=== Begin Enclosure ===

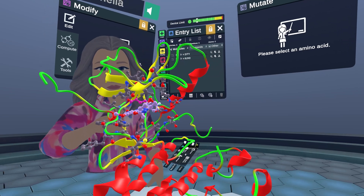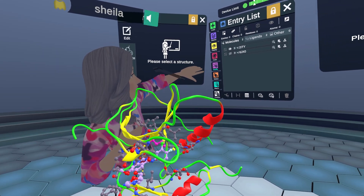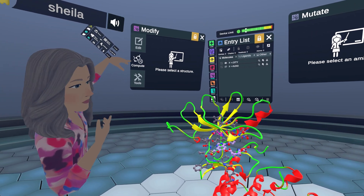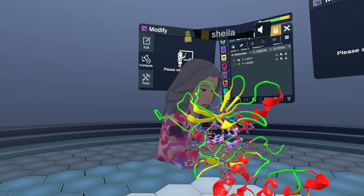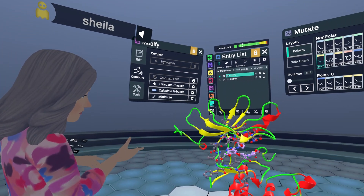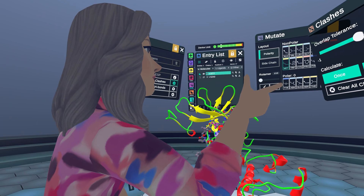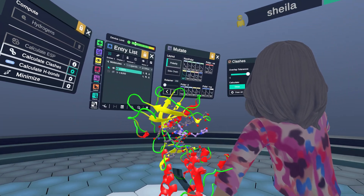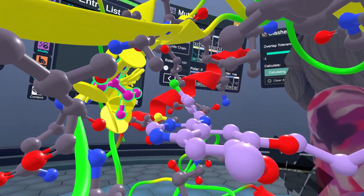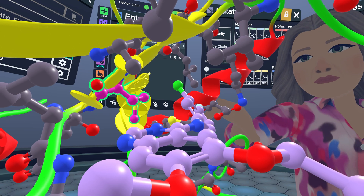To look at the different rotamers of the methionine, I can go to the Modify menu and compute clashes. I need to reselect that residue with the selector tool first. In the clashes menu, I can choose to continuously monitor the clashes so we can scroll through our rotamers and watch as the clashes change.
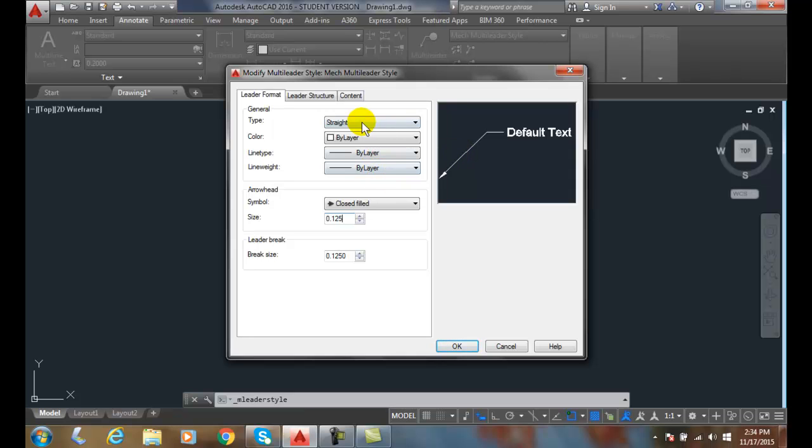So once again, this is the Leader Format tab of the Multi-Leader Style Dialog Box.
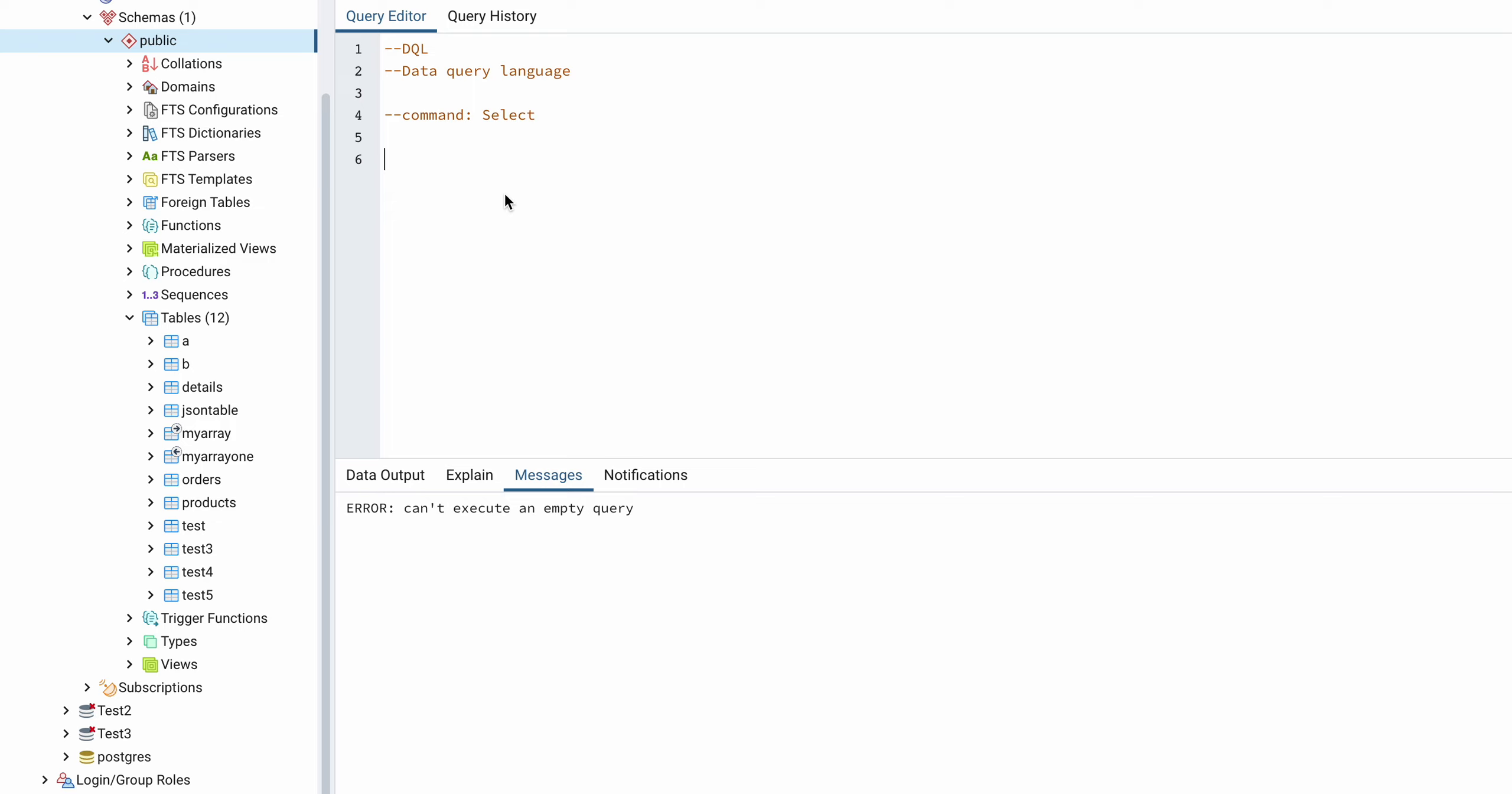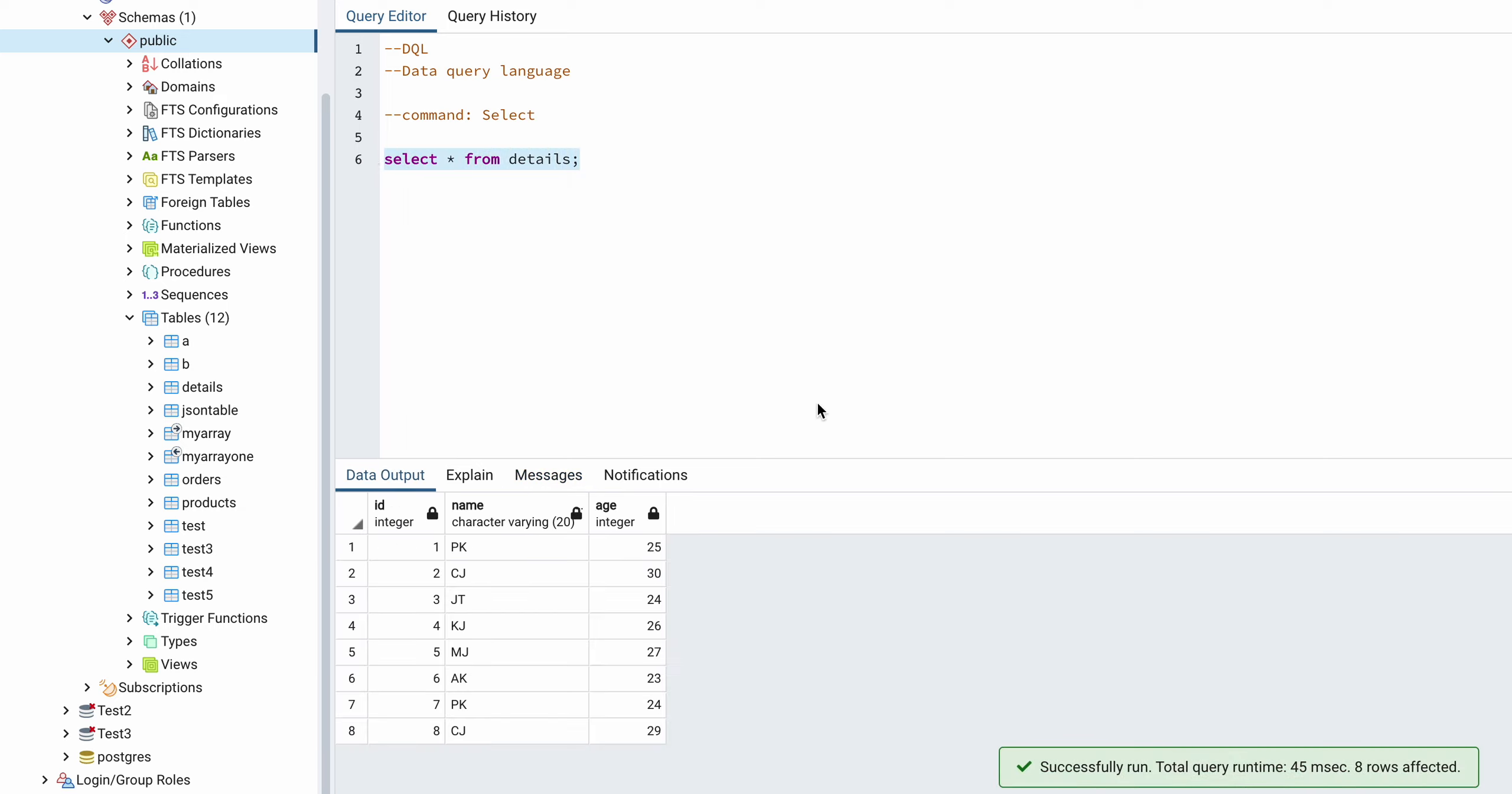So let me try to execute or select some data from the table. I will write SELECT command, SELECT star FROM which table I want to query. So let's try details table and with semicolon and try to execute this. So here you can see all the records.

=== End Enclosure ===

▶ Work task
All the material above must be copied exactly, and no picture belongs in the copy.

▶ Result for this exercise
To look at the different rotamers of the methionine, I can go to the Modify menu and compute clashes. I need to reselect that residue with the selector tool first. In the clashes menu, I can choose to continuously monitor the clashes so we can scroll through our rotamers and watch as the clashes change.
So once again, this is the Leader Format tab of the Multi-Leader Style Dialog Box.
So let me try to execute or select some data from the table. I will write SELECT command, SELECT star FROM which table I want to query. So let's try details table and with semicolon and try to execute this. So here you can see all the records.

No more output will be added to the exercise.